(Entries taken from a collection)
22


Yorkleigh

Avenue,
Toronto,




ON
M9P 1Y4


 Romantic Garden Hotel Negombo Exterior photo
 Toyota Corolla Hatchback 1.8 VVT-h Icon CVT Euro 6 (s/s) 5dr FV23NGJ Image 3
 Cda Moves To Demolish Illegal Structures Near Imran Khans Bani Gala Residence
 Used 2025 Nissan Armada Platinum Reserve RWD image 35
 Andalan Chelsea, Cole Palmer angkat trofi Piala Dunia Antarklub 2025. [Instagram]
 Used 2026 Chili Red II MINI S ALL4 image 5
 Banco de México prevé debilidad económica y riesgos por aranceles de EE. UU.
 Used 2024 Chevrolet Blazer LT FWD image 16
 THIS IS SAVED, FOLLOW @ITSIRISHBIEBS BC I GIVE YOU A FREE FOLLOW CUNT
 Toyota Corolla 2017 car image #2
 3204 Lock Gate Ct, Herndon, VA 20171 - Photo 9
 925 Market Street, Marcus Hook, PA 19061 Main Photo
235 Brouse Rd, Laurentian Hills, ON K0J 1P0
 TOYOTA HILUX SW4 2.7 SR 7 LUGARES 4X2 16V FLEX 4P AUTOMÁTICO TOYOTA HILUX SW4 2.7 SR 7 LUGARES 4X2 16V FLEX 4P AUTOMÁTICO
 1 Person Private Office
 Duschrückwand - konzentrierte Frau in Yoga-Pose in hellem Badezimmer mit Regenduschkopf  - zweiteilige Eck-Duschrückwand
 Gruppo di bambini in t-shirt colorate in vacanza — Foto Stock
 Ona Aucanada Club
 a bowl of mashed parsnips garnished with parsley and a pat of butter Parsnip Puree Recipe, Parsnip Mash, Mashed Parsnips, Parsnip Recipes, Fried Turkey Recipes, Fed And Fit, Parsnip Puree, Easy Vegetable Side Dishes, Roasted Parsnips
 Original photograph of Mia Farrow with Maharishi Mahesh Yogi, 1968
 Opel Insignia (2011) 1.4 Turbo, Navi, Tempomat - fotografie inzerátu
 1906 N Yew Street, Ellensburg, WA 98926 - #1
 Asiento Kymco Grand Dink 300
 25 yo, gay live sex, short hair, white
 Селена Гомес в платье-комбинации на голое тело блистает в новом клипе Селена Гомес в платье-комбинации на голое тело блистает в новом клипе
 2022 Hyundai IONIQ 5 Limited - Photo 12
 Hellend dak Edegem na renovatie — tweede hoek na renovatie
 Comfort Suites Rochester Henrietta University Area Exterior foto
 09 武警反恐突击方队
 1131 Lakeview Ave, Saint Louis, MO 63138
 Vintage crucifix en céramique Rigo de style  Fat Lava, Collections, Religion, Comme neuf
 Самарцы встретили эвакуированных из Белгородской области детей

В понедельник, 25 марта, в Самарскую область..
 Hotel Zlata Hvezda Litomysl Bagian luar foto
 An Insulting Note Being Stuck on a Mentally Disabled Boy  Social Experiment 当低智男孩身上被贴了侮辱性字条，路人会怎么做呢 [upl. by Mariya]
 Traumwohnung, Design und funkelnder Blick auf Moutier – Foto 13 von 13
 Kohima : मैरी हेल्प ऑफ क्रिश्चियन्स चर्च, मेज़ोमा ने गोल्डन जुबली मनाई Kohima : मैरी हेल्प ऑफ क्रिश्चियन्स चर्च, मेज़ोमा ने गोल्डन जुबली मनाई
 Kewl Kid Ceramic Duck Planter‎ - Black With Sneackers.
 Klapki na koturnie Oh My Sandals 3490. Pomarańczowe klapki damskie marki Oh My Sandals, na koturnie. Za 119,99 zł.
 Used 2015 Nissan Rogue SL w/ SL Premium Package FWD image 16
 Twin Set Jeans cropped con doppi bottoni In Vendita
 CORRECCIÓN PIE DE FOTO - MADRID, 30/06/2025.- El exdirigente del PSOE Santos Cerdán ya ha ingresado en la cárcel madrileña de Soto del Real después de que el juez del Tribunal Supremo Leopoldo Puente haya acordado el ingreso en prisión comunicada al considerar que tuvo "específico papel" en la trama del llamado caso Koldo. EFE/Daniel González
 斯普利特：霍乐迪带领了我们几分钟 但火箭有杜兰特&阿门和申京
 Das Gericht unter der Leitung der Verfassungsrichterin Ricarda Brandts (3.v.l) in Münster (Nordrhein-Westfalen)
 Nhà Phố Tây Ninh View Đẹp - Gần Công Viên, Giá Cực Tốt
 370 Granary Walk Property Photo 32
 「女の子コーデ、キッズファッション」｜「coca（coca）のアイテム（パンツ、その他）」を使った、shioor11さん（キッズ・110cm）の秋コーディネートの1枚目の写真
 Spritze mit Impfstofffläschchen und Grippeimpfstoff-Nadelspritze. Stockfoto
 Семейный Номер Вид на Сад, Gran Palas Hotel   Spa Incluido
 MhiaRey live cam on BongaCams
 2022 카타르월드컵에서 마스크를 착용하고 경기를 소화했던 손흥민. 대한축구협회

Work item >> Pull every line containing the string "Hotel" out of the data above and copy it.

Reply to the task >>
 Romantic Garden Hotel Negombo Exterior photo
 Hotel Zlata Hvezda Litomysl Bagian luar foto
 Семейный Номер Вид на Сад, Gran Palas Hotel   Spa Incluido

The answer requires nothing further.